Canadian Journal of Rural Medicine

EDITORIAL/ÉDITORIAL
Year
: 2021  |  Volume : 26  |  Issue : 3  |  Page : 99-

Rural resiliency


Peter Hutten-Czapski 
 Scientific Editor CJRM

Correspondence Address:
MD Peter Hutten-Czapski
Scientific Editor CJRM




How to cite this article:
Hutten-Czapski P. Rural resiliency.Can J Rural Med 2021;26:99-99


How to cite this URL:
Hutten-Czapski P. Rural resiliency. Can J Rural Med [serial online] 2021 [cited 2022 Dec 3 ];26:99-99
Available from: https://www.cjrm.ca/text.asp?2021/26/3/99/320525


Full Text



Rural communities have the deep resiliency needed to meet the challenges of any disaster, a resiliency that is grounded in a sense of community. There is a visceral understanding that we, the community, have the aegis to deal with the challenge, if for no other reason than lived experience, which teaches us that outside forces cannot or will not help or should not be depended on.

It's not easy. Our resources are finite, and the depth of our ability to draw on the community is variable, both within and between communities. The challenge can become existential and even ultimately overwhelming (e.g., the many communities where the major employer closes and the town ghosts). Be that said, a pandemic, that can be handled in true rural fashion.

In the early days of the pandemic when our clinic was short of personal protective equipment we had local seamstresses make us gowns and patient masks. We launder those gowns downstairs in the dentist's office. Our community nurses have cross-trained to be able to be seconded as needed to fill emergency and intensive care unit roles at the local hospital.
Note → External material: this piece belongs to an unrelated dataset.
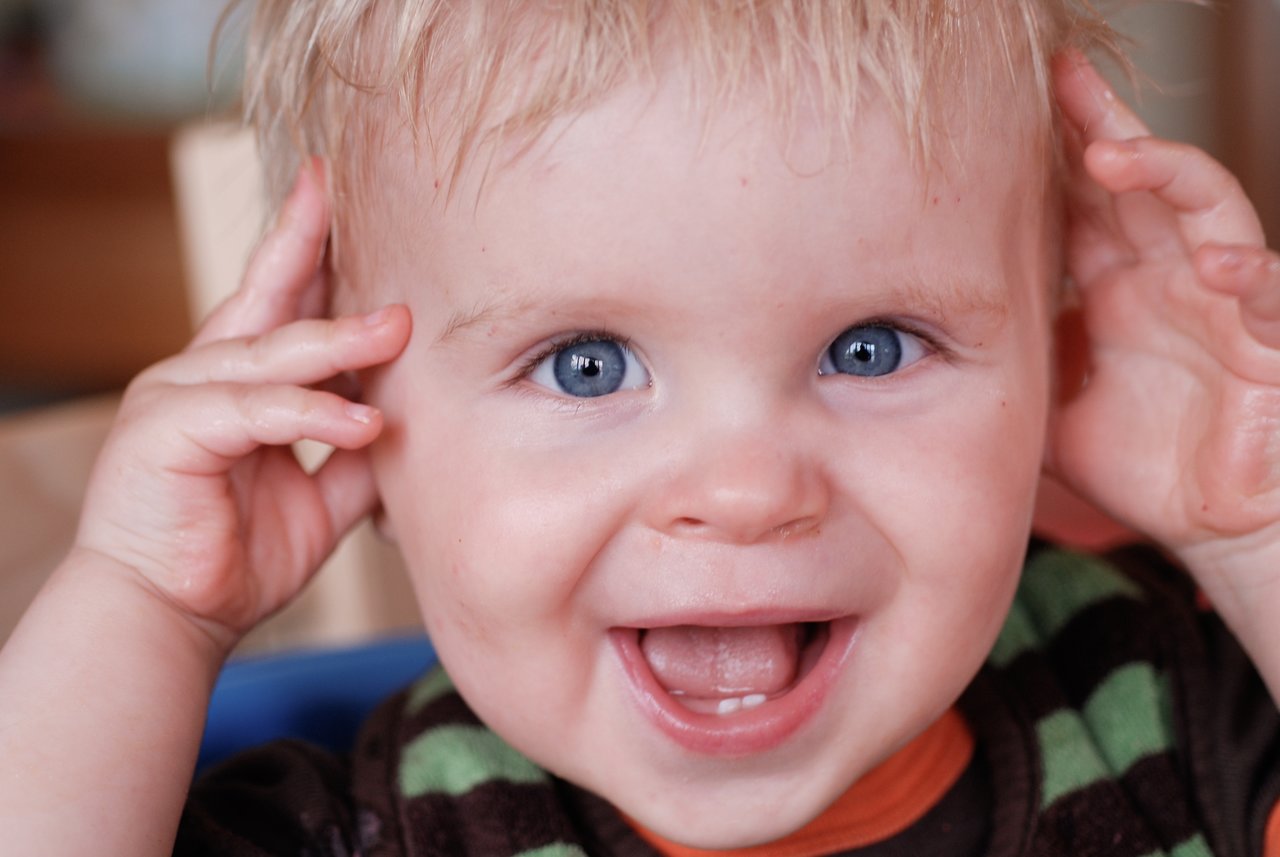 A smiling baby with blue eyes holds their hands near their head, looking directly at the camera.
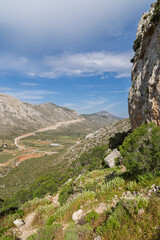 Fototapeta premium Beautiful view of the rocky, lush and mountainous Vathy valley on Kalymnos island in Greece on a sunny day in spring.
Primary care personnel have provided days of phone calls to the identified vulnerable and booked them with public health. In turn, the vaccine clinics have been staffed by a mixture of health unit staff, local Emergency Medical Service (EMS) and a spectrum of nursing and other allied health. Our nurses have done house-calls, ferrying syringes of Moderna from the vaccine clinic to shut ins. The results have been gratifying. For ages 80 + district wide, we have 93.7% shots in arms. Pride in such outcomes is one of the reinforcing mechanisms that build rural resiliency.

Innately, we know that some communities do this type of work better than others. It's not entirely clear what makes one rural community more resilient than another. Some of it has to do with the innate nature of the town. One suspects that the mining town with company bungalows smelling of fresh paint may not do as well as the agrarian village with limestone homesteads steeped in history.
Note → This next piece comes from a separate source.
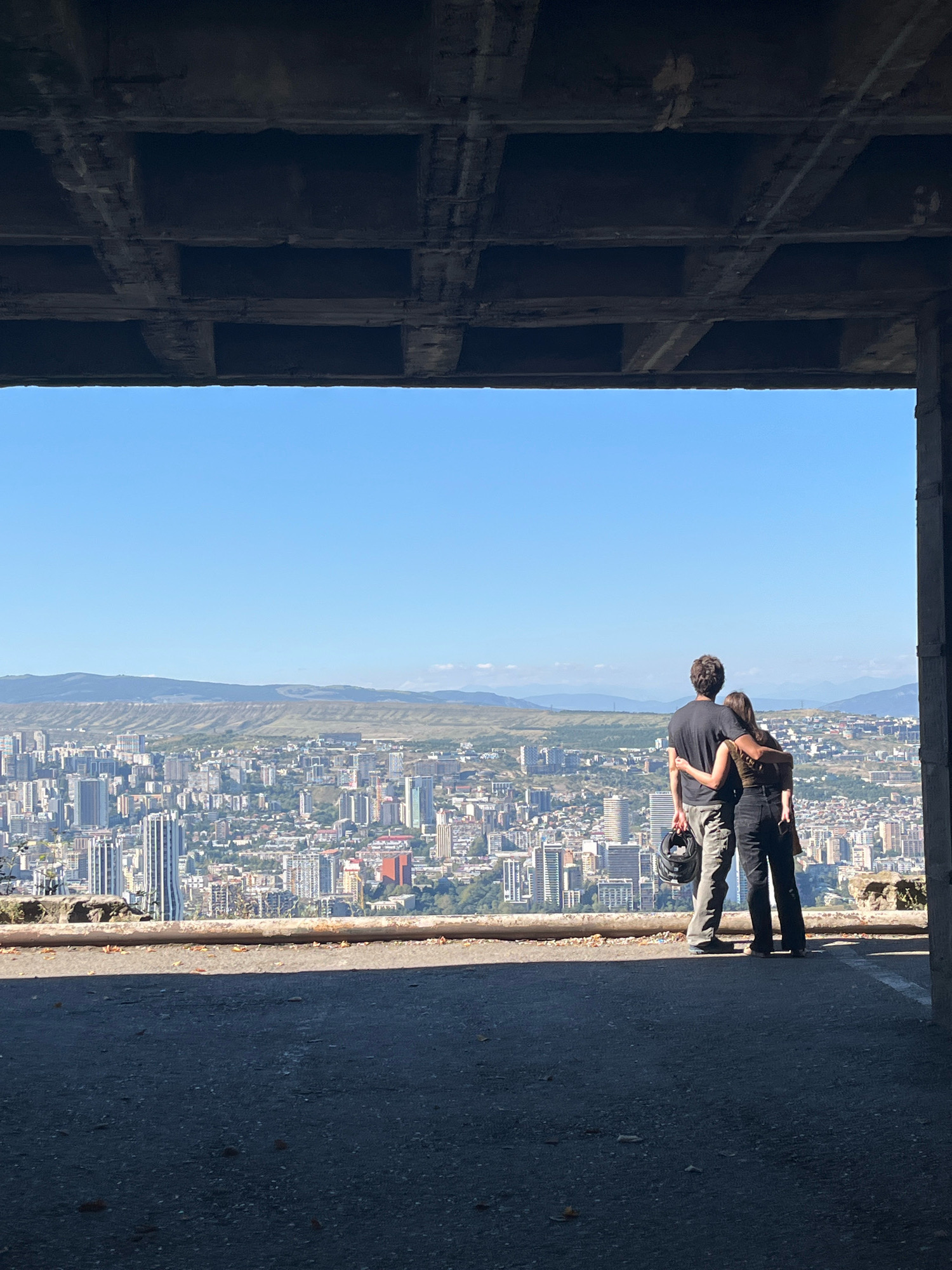 The image shows a couple standing with their arms around each other, looking out over the city of Tbilisi, Georgia. They are framed by a concrete structure, possibly an unfinished building or a viewing platform. The man on the left is wearing a dark t-shirt, cargo pants, and is holding a motorcycle helmet. The woman on the right is wearing a dark top and black pants. The cityscape of Tbilisi stretches out below them, with numerous buildings of varying heights and architectural styles. In the distance, rolling hills and mountains form the backdrop under a clear blue sky. The foreground is a dark, asphalted area, suggesting they are on an elevated vantage point.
Some of it is leadership. A lot is relationships and trust. Certainly, in health care, resiliency comes from not only the individuals (always important) but also the ethos of the structures they work and live in. There are some communities that have no trouble recruiting and have low turnover. Others, we know too well, are a revolving door.

Defining what measures can be learned or worked on to build community resilience is a profoundly important set of questions that need answering.